My fiancés sister has been dating a guy for a few years now who I think is totally sketchy. He told her he has a wife, but keeps coming up with reasons why their divorce proceedings get pushed back and all the wife’s stuff is still in the guy’s house in a separate room.
She told us he “hates taking pictures” (red flag) and the few times he was supposed to meet other people in other family, “something has come up.” He was supposed to be at my brother-in-law’s wedding and at the last minute had a cancel for some reason. I think the guy is lying to this woman and seeing other people on the side and God knows what else.
ANYWAYS. My fiancé and I are getting married next month at city hall in front of our parents, stepparents and his 2 siblings (I’m an only child). Then, we’re going to dinner. This will be the extent of our wedding celebrations, aside from maybe something very lowkey with our friends down the road.
Last week, my fiancé’s sister called and asked if her bf could come. She lives in another state than most of the family, so she thinks this would be a great time for him to meet everyone because “they’ll all be there.”
I absolutely don’t want this. Aside from me thinking the dude is sketchy, I’ve never met him. Neither has my fiancé, his brother nor his dad and step mom. So him being there and meeting everyone for the first time would completely change the vibe of the dinner. My own parents and stepdad have not yet met my fiancé’s siblings, so there will already be some introductions going on.
But I feel like this is different because it’s 2 families meeting, not everyone meeting someone who’s NOT part of the family. I also think it’s unfair to my parents who are there to celebrate their daughter getting married. Not to watch my fiancé’s family get to know this new person.
They will be in town for a few days. I’d be 100% happy and willing to do another meal during that time to meet this guy. We could even do it the very next morning, we’re not busy. Bottom line is that I’ve no interest in meeting this person for the first time at my own wedding dinner. I want to tell the sister that he is not invited. AITA?
CSurvivor9 said:
He won't come. Let her know you're posting photos of everyone on facebook and he definitely won't come. Why cause problems saying no when you can say yes and set up a scenario where he'll say no?
FormSuccessful1122 said:
I’m assuming this post is all about the same man because I don’t understand “new bf” in your title based on this story.

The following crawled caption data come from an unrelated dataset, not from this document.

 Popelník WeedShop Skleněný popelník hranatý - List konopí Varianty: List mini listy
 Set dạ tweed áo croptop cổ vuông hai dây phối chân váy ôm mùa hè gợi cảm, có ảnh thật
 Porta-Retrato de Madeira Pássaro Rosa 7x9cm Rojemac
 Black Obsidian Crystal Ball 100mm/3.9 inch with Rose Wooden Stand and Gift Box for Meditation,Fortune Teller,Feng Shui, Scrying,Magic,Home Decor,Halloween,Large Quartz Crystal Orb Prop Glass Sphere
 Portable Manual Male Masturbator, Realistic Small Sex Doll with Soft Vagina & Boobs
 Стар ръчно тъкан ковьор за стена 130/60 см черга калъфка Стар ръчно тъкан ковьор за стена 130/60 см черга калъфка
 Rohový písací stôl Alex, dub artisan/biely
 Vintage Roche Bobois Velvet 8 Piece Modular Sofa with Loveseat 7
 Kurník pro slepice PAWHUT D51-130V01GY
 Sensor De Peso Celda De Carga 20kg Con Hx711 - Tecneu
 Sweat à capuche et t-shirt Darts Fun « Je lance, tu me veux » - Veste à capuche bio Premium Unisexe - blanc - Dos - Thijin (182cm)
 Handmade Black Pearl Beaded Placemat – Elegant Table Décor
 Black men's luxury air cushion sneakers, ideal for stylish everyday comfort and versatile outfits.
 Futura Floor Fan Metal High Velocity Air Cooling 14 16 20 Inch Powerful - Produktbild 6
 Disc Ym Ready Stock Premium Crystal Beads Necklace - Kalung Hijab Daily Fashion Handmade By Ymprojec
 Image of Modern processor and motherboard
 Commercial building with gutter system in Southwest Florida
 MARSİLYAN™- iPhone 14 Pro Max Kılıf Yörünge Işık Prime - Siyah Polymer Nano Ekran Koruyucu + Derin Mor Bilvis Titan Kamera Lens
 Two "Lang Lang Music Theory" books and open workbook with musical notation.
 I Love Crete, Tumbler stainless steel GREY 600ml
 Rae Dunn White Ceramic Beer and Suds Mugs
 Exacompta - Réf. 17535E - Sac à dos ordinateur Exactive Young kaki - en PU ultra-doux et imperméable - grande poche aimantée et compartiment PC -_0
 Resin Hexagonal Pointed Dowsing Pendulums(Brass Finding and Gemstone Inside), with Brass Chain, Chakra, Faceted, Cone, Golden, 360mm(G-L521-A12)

NTA. But based on past history it doesn’t sound like he’d come anyway.
Artistic-Tough-7764 said:
NTA. "No, we are not planning for extra guests"
Life_Temperature2506 said:
She's been dating the guy "for a few years"? Easy YTA, right? No. He's had plenty of chances to meet everyone and chickened out, for whatever reason, every single time. Your future SIL has forfeited the right to have him at your wedding dinner. NTA
My fiancé agrees that it’s a weird request, but doesn’t care enough to say anything. But he’s very much a “go with the flow” kind of person so I don’t hold it against him. He’s not that close with his sister and disagrees with a lot of the decisions she makes in her life.
I said “new bf” because I’ve never met him, nor has most of the family. The “new bf” described in the title and the person discussed are the same person. Sorry for any confusion.